American International Group Inc. (AIG), the insurer majority owned by the U.S. after a 2008 bailout, is hosting an event at a California facility that advertises “the amenities of an ultra luxury hotel.”

The American General unit assembled about 65 people who distribute its products for a two-and-a-half-day stay this week at the Resort at Pelican Hill in Newport Beach, California, said Larry Mark, a spokesman for AIG’s life insurance division. Nine AIG managers were also sent to the resort to make presentations, Mark said in a e-mail. He declined to say the cost of the event for the insurer.

“It is important for these speakers, as well as the eight field representatives in attendance to spend quality, one-on-one time with our key distribution partners to ensure they understand our offerings,” he said. “It is standard practice in the financial-services industry to hold such business development, leadership meetings.”
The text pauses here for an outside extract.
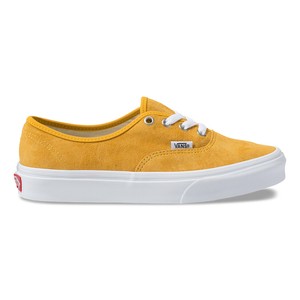 new vans shoes 2019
AIG resumed such conferences about two years ago, after being rebuked by lawmakers in 2008 for spending $440,000 to send about 100 advisers to the St. Regis resort in Monarch Beach, California. Chief Executive Officer Robert Benmosche is working to expand sales as he seeks private investors to replace government capital.

“We are back to the business of being in business and we’re in the marketplace competing,” said Mark.
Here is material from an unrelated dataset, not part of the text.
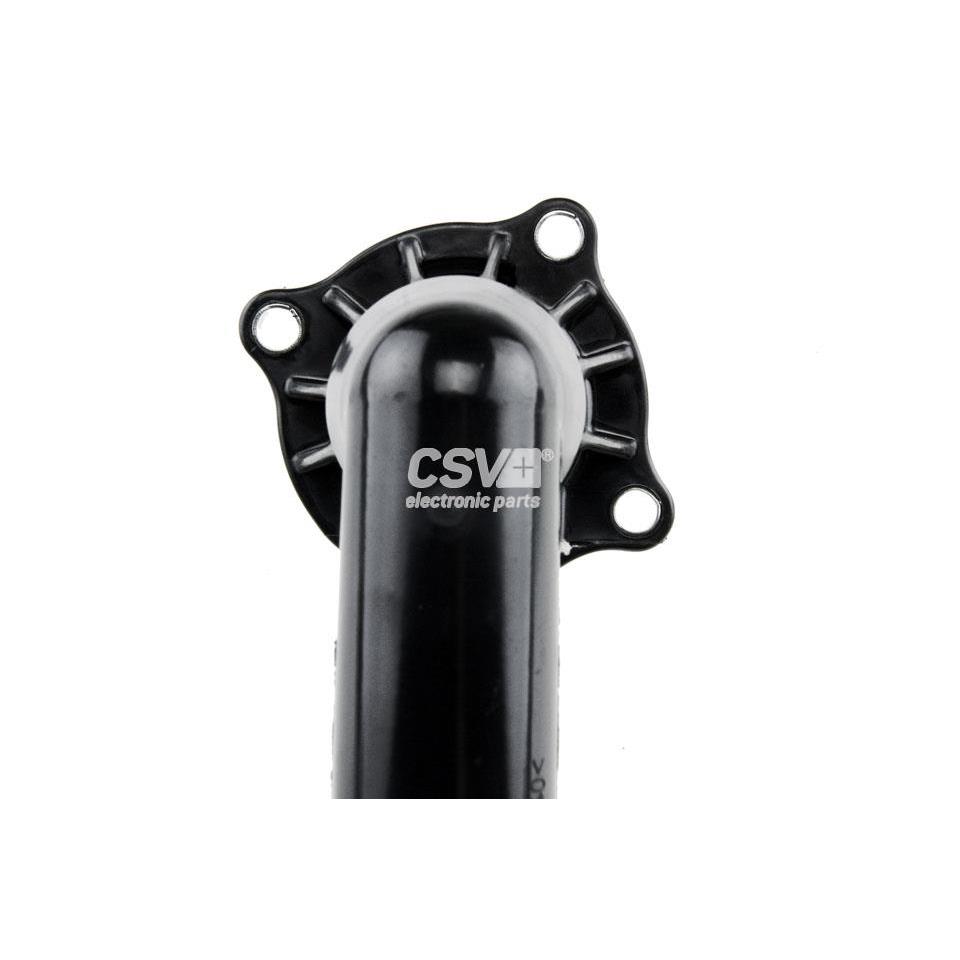 imagen (5) del producto Termostato Refrigerante Bmw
Senator Max Baucus, a Democrat from Montana, in October 2008 called AIG’s event that year an “insult to taxpayers.”

Fazio’s Course

Pelican Hill has “Palladian-inspired architecture from Northern Italy,” 204 bungalows, 128 villas, a spa and 36-holes of golf designed by Tom Fazio on a property with views of the Pacific Ocean, according to the resort’s website.

A “Garden Double Queen” room is available for $395 per night today and tomorrow, and an “Ocean Four Bedroom Villa” costs $1,150 a night, according to the resort’s online-booking system. Kate Starr, a spokeswoman for Pelican Hill, didn’t immediately return phone calls seeking comment.

AIG was bailed out in 2008 in a rescue that swelled to $182.3 billion. The insurer paid back the balance on a Federal Reserve credit line in January, and the Treasury exchanged its preferred interest for 92 percent of the company’s common stock. That stake was cut to 77 percent in a May share sale.